DKFZ researchers have developed EBV virus-like particles (VLPs) with enhanced safety properties

Published: 2nd September 2019
Promising effective and safe Epstein-Barr virus (EBV) vaccine based on VLPs (P-989)
Kateryna_Kon, stock.adobe.com

Background

Epstein-Barr virus (EBV) is the most common etiological agent of infectious mononucleosis (IM) and a major cause of virus-associated human cancers, predominantly lymphomas and carcinomas. EBV infection mostly occurs in early childhood and remains usually asymptomatic. However, in highly developed countries up to 50% of adolescents remain EBV-negative. Delayed EBV infections often leads to the development of IM with a median duration of 16 days and only gradual recovery.
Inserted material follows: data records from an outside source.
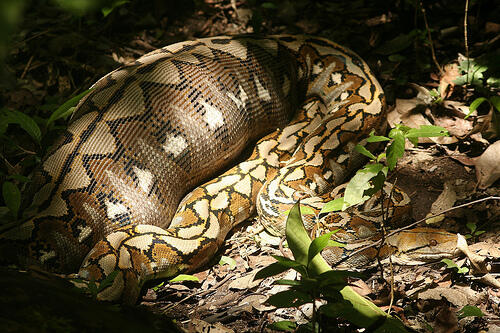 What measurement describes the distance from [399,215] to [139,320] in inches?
123

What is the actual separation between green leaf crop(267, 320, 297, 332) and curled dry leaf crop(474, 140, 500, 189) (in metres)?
2.97

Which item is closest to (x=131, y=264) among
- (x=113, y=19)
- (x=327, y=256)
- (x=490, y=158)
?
(x=327, y=256)

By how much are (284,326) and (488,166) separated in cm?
322

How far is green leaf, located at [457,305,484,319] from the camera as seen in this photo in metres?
3.22

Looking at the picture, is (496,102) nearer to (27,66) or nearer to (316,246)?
(316,246)

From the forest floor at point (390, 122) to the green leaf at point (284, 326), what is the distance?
0.15 m

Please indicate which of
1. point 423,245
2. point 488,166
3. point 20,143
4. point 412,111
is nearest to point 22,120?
point 20,143

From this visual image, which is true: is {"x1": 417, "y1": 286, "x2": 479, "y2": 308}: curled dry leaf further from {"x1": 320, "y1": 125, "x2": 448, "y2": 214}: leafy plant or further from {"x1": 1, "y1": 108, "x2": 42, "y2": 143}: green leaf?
{"x1": 1, "y1": 108, "x2": 42, "y2": 143}: green leaf

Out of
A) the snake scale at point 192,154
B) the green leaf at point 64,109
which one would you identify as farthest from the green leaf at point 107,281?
the green leaf at point 64,109

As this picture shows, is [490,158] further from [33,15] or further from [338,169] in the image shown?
[33,15]

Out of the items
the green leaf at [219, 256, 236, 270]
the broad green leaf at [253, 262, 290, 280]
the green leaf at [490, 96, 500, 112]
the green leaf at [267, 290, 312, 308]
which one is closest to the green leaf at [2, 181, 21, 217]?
the green leaf at [219, 256, 236, 270]

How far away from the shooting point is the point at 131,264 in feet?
14.1

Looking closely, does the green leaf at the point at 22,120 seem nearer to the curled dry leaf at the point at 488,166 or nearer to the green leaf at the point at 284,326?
the green leaf at the point at 284,326

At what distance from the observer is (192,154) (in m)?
5.55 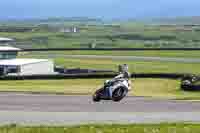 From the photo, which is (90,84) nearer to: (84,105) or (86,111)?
(84,105)

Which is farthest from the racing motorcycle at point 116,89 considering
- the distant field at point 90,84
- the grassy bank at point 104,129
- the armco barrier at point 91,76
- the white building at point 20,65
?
the white building at point 20,65

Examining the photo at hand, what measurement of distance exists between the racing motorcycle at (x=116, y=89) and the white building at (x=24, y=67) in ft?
118

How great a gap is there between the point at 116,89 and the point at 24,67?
4031 cm

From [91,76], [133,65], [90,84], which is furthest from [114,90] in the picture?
[133,65]

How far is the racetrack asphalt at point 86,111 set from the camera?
1457cm

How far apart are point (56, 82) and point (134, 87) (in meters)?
7.45

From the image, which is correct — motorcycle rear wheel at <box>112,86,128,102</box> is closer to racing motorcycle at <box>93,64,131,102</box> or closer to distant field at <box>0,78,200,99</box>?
racing motorcycle at <box>93,64,131,102</box>

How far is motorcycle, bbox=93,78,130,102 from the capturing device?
20.4 meters

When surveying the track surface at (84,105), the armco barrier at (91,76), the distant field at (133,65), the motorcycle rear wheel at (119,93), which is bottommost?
the distant field at (133,65)

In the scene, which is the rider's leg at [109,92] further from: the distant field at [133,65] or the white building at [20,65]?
the distant field at [133,65]

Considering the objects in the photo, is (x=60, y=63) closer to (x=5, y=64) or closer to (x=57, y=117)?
(x=5, y=64)

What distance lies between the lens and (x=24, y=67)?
60188mm

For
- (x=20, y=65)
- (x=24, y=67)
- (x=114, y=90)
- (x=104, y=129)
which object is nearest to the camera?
(x=104, y=129)

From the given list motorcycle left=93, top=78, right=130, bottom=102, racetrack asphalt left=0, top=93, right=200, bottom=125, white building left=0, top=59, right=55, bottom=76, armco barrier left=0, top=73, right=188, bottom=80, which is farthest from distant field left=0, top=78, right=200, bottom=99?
racetrack asphalt left=0, top=93, right=200, bottom=125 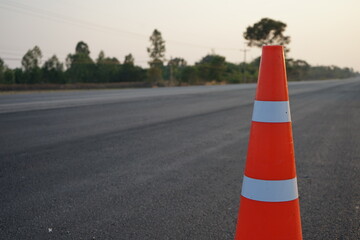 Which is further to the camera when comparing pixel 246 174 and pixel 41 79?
pixel 41 79

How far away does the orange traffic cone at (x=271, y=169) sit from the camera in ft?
5.60

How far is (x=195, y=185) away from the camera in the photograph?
337 cm

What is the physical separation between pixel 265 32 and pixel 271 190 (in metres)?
81.0

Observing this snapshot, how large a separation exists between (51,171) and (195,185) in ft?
5.76

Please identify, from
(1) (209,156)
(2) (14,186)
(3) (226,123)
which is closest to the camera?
(2) (14,186)

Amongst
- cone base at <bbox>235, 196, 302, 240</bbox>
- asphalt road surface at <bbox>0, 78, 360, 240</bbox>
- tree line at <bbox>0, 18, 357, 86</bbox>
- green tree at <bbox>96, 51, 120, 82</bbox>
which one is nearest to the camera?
cone base at <bbox>235, 196, 302, 240</bbox>

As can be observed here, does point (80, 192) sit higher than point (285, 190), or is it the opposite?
point (285, 190)

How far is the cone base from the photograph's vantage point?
5.58 ft

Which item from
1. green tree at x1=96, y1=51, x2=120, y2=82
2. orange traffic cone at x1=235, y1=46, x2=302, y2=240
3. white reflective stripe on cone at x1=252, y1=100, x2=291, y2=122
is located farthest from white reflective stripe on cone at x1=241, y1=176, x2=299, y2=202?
green tree at x1=96, y1=51, x2=120, y2=82

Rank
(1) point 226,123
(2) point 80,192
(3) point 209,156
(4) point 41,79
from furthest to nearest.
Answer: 1. (4) point 41,79
2. (1) point 226,123
3. (3) point 209,156
4. (2) point 80,192

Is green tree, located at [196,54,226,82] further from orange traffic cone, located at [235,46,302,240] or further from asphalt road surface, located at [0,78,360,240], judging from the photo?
orange traffic cone, located at [235,46,302,240]

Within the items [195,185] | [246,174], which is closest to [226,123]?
[195,185]

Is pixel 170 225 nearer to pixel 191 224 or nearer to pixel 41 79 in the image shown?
pixel 191 224

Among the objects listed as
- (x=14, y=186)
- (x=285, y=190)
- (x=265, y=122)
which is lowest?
(x=14, y=186) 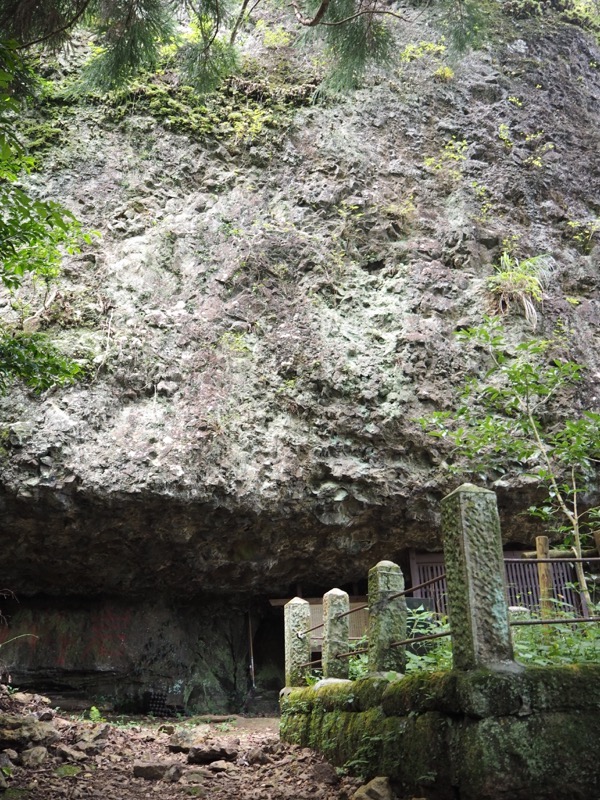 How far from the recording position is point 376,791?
372 cm

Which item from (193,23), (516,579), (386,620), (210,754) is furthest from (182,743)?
(193,23)

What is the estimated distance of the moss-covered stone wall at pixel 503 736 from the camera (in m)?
3.07

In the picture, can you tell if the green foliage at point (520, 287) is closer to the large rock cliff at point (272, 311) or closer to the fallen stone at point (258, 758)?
the large rock cliff at point (272, 311)

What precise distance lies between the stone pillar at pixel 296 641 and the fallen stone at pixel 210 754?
5.19 ft

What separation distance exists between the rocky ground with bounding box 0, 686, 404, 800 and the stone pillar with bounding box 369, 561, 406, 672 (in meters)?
0.82

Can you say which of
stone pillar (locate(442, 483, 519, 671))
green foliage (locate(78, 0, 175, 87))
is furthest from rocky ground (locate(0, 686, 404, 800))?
green foliage (locate(78, 0, 175, 87))

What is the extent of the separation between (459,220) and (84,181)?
7.26 m

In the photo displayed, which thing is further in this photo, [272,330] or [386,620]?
[272,330]

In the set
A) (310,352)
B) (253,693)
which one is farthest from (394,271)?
(253,693)

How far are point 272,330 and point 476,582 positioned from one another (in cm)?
802

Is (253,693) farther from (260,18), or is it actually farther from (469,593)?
(260,18)

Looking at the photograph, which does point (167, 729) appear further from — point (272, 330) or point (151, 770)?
Answer: point (272, 330)

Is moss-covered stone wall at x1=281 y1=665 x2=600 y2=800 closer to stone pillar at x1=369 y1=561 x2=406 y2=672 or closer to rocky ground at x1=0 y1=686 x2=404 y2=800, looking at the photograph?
rocky ground at x1=0 y1=686 x2=404 y2=800

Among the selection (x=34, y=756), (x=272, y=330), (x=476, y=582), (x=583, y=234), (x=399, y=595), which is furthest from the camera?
(x=583, y=234) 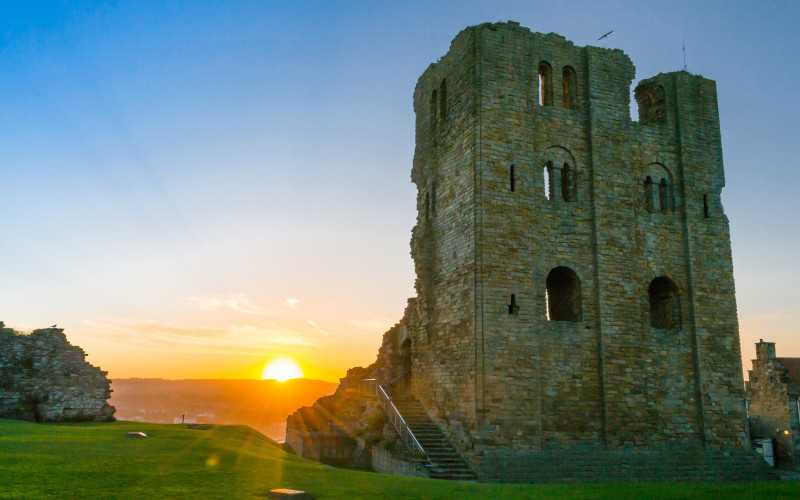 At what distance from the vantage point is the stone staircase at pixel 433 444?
16.0 metres

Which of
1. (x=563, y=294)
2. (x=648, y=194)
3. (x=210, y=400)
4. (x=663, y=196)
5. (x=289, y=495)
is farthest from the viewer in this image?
(x=210, y=400)

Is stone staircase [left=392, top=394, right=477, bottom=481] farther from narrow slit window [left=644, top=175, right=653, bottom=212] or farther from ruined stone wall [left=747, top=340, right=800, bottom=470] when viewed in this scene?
ruined stone wall [left=747, top=340, right=800, bottom=470]

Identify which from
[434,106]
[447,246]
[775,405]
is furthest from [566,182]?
[775,405]

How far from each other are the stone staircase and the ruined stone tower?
364mm

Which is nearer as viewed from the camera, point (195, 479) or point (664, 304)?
point (195, 479)

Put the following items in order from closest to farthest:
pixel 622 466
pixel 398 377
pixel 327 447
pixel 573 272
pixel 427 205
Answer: pixel 622 466 → pixel 573 272 → pixel 427 205 → pixel 398 377 → pixel 327 447

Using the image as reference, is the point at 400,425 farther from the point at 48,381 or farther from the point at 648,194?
the point at 48,381

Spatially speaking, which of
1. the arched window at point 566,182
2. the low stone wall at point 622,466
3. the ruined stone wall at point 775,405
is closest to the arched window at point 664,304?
the low stone wall at point 622,466

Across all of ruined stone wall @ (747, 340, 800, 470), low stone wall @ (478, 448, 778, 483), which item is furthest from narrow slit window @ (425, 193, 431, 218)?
ruined stone wall @ (747, 340, 800, 470)

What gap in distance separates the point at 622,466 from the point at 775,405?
586 inches

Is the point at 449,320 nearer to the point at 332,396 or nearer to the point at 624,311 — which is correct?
the point at 624,311

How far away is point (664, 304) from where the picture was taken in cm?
2030

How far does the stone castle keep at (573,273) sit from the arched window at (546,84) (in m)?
0.07

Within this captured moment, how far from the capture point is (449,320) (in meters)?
19.0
Long-lasting fatigue for several month interferes with productivity and diminishes the quality of life. Following primary infection, EBV establishes a clinically silent persistent B-cell infection in healthy individuals. Immunosuppression, typically in the setting of organ transplantation or after HIV infection, often results in increased EBV loads and a higher risk of developing EBV-associated diseases. DKFZ researchers have developed EBV virus-like particles (VLPs) that express a wide spectrum of structural viral proteins and elicit a potent cytotoxic CD4-positive T-cell response. DKFZ researchers knocked out two proteins involved in DNA packaging allowing production of VLPs completely devoid of viral DNA that offer a safe and effective preventative vaccine against EBV infection.

Technology Overview

Infection studies performed on primary resting B cells showed that these new EBV-VLPs are not transforming. Additionally, it could be shown in qPCR assays that they are free of any contaminating EBV DNA. Incubation of EBV-VLP with B cells cocultivated with EBV-specific T-cell clones elicited IFN-γ release in a dose-dependent manner that was similar in amplitude to the one observed with wildtype viruses [see further details].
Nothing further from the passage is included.